But the investigators this week announced a number of failures in how the allegations were handled: Mercy Corps leaders disclosed the investigation to Mr. Culver, who was then the president and chief executive, despite his daughter’s request that he not be informed. After that, the report said, the organization seemed to accept his contention that his daughter had reported false memories, showing him “undue deference” and failing to ensure the allegations were fully investigated.
Mr. Culver resigned from his position as president in 1994 but continued as vice president. This week’s independent report found that the organization had failed to fully investigate or take action on the reports about Mr. Culver. In one email noted in the report, a former board member sent a letter to the Mercy Corps leadership in 2018 regarding Mr. Culver, saying, “I saved his job and career when he was accused by his daughter.”

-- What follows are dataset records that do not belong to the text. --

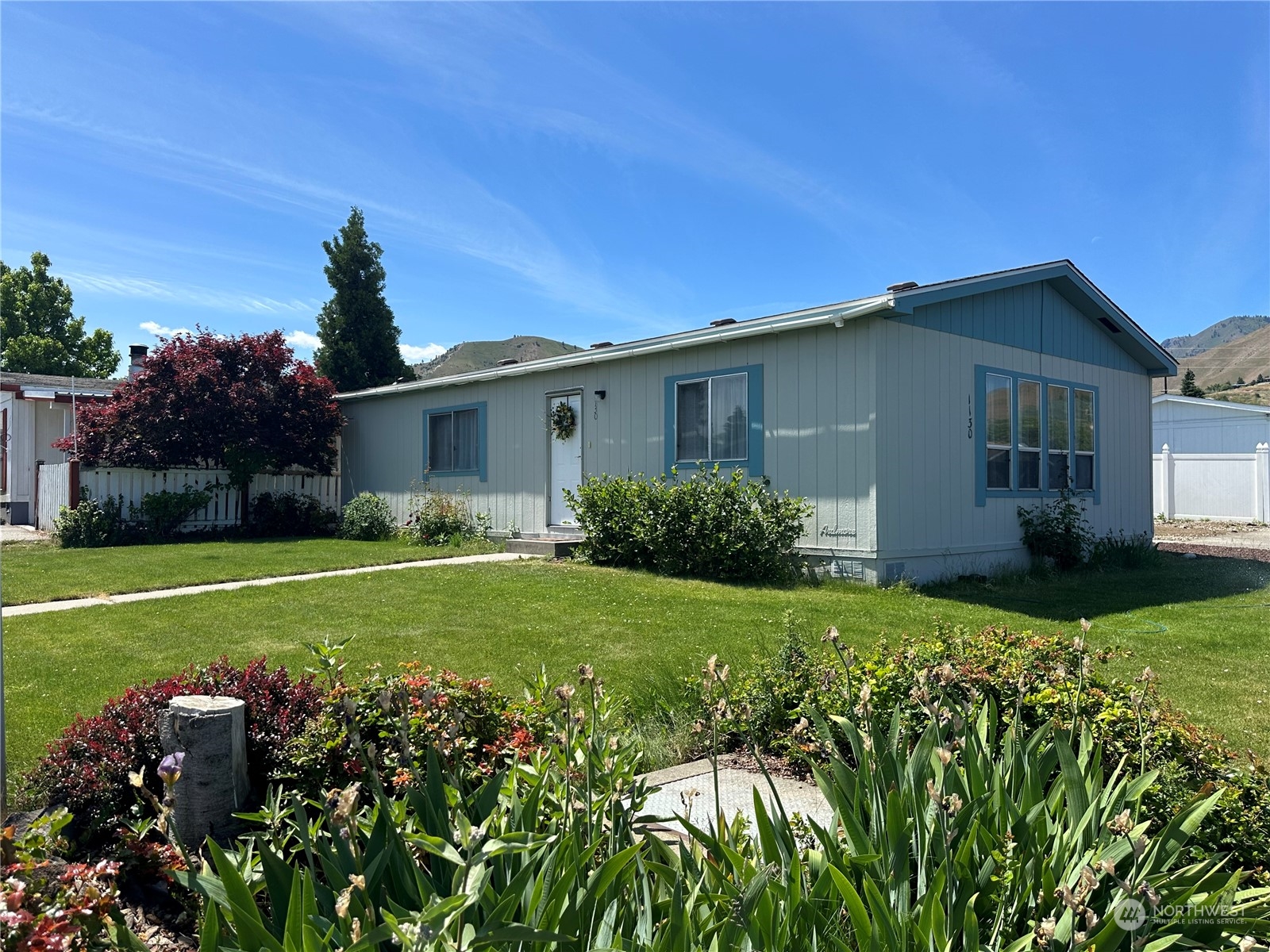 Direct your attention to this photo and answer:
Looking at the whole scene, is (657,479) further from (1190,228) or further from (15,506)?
(1190,228)

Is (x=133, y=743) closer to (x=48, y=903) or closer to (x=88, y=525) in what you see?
(x=48, y=903)

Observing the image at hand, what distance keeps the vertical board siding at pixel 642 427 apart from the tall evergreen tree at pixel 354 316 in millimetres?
10870

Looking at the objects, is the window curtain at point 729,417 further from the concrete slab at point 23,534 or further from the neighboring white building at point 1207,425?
the neighboring white building at point 1207,425

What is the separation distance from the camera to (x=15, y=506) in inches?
721

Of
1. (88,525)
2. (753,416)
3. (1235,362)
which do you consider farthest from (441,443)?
(1235,362)

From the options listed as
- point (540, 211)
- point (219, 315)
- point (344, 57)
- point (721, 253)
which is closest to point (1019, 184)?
point (721, 253)

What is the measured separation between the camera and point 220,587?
8.84 metres

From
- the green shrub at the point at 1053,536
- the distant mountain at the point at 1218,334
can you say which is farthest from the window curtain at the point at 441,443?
the distant mountain at the point at 1218,334

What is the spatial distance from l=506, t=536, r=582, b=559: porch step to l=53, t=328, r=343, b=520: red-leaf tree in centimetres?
610

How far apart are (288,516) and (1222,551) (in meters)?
16.7

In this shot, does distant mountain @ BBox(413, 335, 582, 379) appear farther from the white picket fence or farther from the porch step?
the porch step

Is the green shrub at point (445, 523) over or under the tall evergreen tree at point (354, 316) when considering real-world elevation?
under

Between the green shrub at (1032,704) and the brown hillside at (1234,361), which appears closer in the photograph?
the green shrub at (1032,704)

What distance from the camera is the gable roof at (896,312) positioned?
368 inches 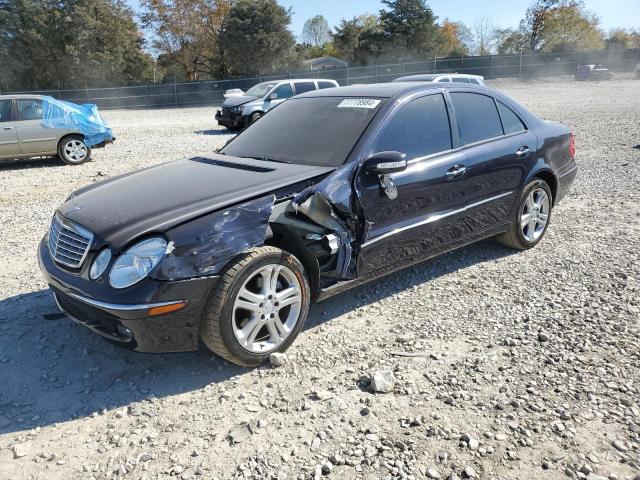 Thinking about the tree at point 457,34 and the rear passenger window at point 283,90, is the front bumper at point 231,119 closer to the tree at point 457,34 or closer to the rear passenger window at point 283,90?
the rear passenger window at point 283,90

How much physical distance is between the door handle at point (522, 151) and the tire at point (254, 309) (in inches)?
101

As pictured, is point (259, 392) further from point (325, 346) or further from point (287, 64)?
point (287, 64)

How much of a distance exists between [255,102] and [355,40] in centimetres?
3961

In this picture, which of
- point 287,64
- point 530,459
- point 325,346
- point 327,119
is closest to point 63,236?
point 325,346

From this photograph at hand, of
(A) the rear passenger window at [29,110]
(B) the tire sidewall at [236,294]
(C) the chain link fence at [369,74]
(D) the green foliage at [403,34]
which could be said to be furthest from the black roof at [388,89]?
(D) the green foliage at [403,34]

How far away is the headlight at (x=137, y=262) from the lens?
2.89 meters

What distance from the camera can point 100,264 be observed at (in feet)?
9.82

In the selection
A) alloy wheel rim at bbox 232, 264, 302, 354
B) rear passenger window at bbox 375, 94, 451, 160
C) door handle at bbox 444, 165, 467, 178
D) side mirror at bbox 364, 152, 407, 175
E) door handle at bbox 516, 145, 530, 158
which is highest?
rear passenger window at bbox 375, 94, 451, 160

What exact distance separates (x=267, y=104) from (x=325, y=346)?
14.2 meters

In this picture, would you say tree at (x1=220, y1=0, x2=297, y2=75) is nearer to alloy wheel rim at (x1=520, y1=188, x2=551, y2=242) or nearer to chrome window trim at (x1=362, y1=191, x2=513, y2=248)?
alloy wheel rim at (x1=520, y1=188, x2=551, y2=242)

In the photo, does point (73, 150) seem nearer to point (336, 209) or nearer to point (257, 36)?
point (336, 209)

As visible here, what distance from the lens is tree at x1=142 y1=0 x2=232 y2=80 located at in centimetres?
4794

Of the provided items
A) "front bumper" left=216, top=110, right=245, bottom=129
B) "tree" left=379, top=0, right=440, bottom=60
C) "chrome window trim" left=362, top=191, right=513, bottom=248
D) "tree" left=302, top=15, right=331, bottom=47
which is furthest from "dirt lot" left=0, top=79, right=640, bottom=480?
"tree" left=302, top=15, right=331, bottom=47

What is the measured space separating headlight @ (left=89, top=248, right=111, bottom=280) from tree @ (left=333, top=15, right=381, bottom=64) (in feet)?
159
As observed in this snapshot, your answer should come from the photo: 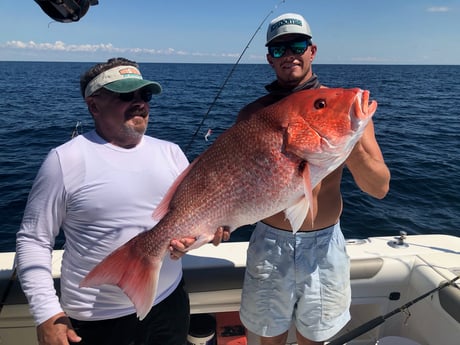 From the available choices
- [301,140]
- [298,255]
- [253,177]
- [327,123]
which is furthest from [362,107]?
[298,255]

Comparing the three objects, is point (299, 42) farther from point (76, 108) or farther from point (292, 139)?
point (76, 108)

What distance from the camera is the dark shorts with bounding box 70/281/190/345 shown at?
79.7 inches

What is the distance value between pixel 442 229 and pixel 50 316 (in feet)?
24.0

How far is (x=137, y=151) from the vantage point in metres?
2.13

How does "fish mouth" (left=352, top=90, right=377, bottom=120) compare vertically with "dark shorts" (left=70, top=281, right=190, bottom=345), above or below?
above

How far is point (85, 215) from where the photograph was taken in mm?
1948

Ms. Culver Humphrey, who now lives in Portland with her husband and two children, approached Mercy Corps again in 2018, asking the organization to take a closer look at how her complaints had been handled in the past. The organization responded to her in a letter, standing by its initial assessment that there was “insufficient evidence” to support her claims against Mr. Culver.
That changed after the article in The Oregonian in 2019 detailed some of Ms. Culver Humphrey’s allegations and quoted witnesses who corroborated details of her story, including a childhood friend, Michelle Green, who reported that Mr. Culver had sexually abused her, too.